▶ Assigned task
Needed from the data below: every line from the one with "Poster digital global" up to and including the one with "Oval Lab-Grown Diamond", repeated exactly and with nothing else.

▶ Data for review
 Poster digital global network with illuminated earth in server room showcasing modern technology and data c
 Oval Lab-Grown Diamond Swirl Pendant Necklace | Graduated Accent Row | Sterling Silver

* * *

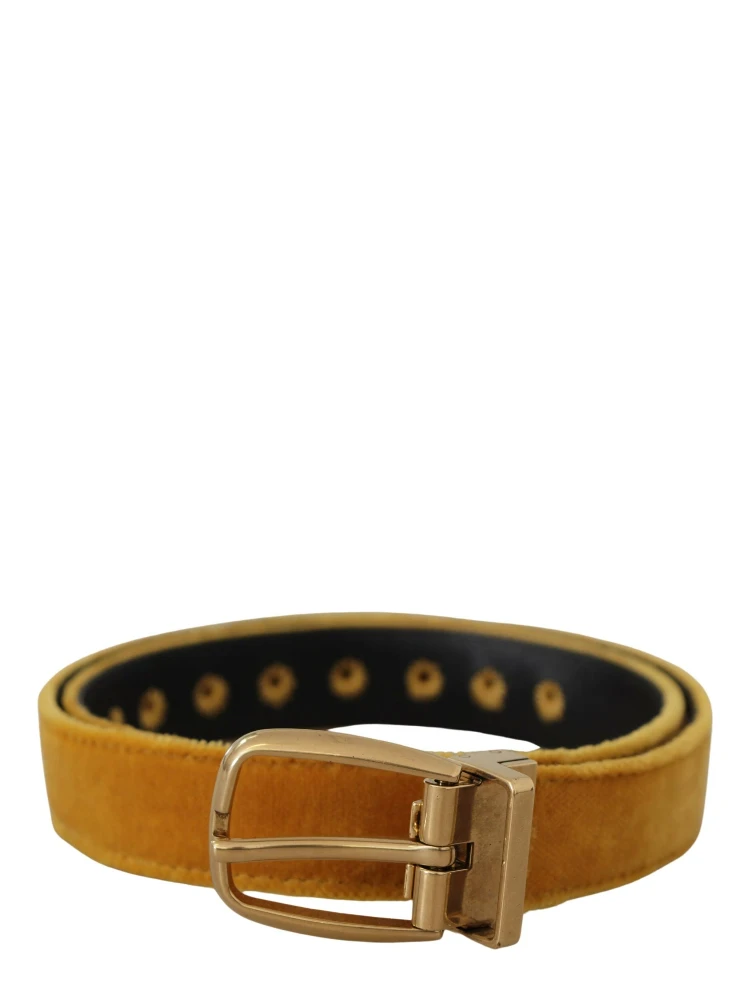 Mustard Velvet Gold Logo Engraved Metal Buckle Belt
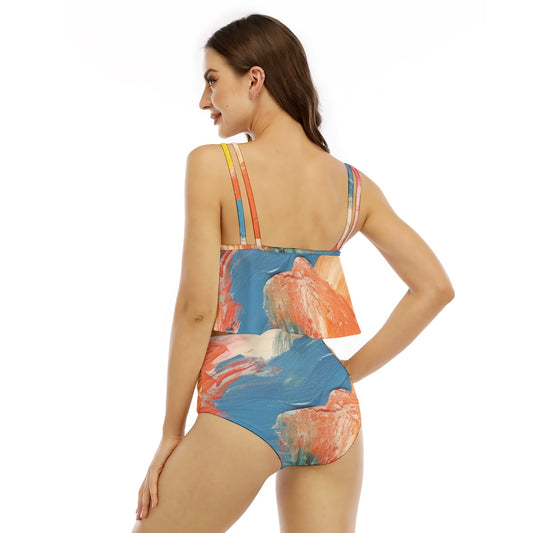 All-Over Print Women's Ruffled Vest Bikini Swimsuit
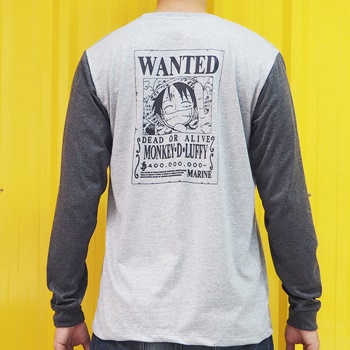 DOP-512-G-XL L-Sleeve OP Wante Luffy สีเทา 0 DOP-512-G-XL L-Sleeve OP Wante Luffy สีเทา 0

▶ Solved exercise
 Poster digital global network with illuminated earth in server room showcasing modern technology and data c
 Oval Lab-Grown Diamond Swirl Pendant Necklace | Graduated Accent Row | Sterling Silver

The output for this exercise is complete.